Compilation album by Reba McEntire
- Released: January 2, 2008
- Genre: Country
- Length: 38:21
- Label: Hallmark/MCA
- Producers: Reba McEntire; Tony Brown; Jimmy Bowen; Norro Wilson;

Reba McEntire chronology
| Reba: Duets (2007) | Love Revival (2008) | 50 Greatest Hits (2008) |

= Love Revival =

Love Revival is a compilation album by American country singer Reba McEntire. The album was released on January 2, 2008 exclusively at Hallmark gift and card stores in the United States.

On February 11, 2008, the album was certified gold by the RIAA. The album consists of six previously released songs and four new recordings.
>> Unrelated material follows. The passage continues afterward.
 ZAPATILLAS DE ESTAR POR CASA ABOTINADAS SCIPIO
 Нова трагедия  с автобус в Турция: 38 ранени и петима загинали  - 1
One of the new recordings, "I'll Still Be Loving You", is a cover of a song originally recorded by the band Restless Heart, for whom it was a Number One country hit in 1987. McEntire's version features backing vocals from Restless Heart.

== Track listing ==

| No. | Title | Writer(s) | Length |
|---|---|---|---|
| 1. | "Love Revival" | Leslie Satcher, Marc Harris | 4:08 |
| 2. | "You Must Really Love Me" | Reba McEntire, Don Schlitz | 3:05 |
| 3. | "Bad for My Own Good" (previously unreleased) | Joe H. Hunter, Jim Whitehead, Jim Weatherly | 3:40 |
| 4. | "The Heart Won't Lie" (With Vince Gill) | Kim Carnes, Donna Terry Weiss | 3:22 |
| 5. | "Love Needs a Holiday" | Tim Mensy, Tony Haselden | 3:15 |
| 6. | "With You I Am" (previously unreleased) | Steve Diamond | 3:46 |
| 7. | "Somebody" | Dave Berg, Sam Tate, Annie Tate | 3:52 |
| 8. | "Forever Love" | Liz Hengber, Deanna Bryant, Sunny Russ | 3:53 |
| 9. | "Big Blue Sky" (previously unreleased) | Steve Azar, Rafe Van Hoy | 4:23 |
| 10. | "I'll Still Be Loving You" (previously unreleased) | Todd Cerney, Pat Bunch, Mary Ann Kennedy, Pam Rose | 4:57 |

===Certifications===

| Region | Certification | Certified units/sales |
| United States (RIAA) | Gold | 500,000^{^} |
^{^} Shipments figures based on certification alone.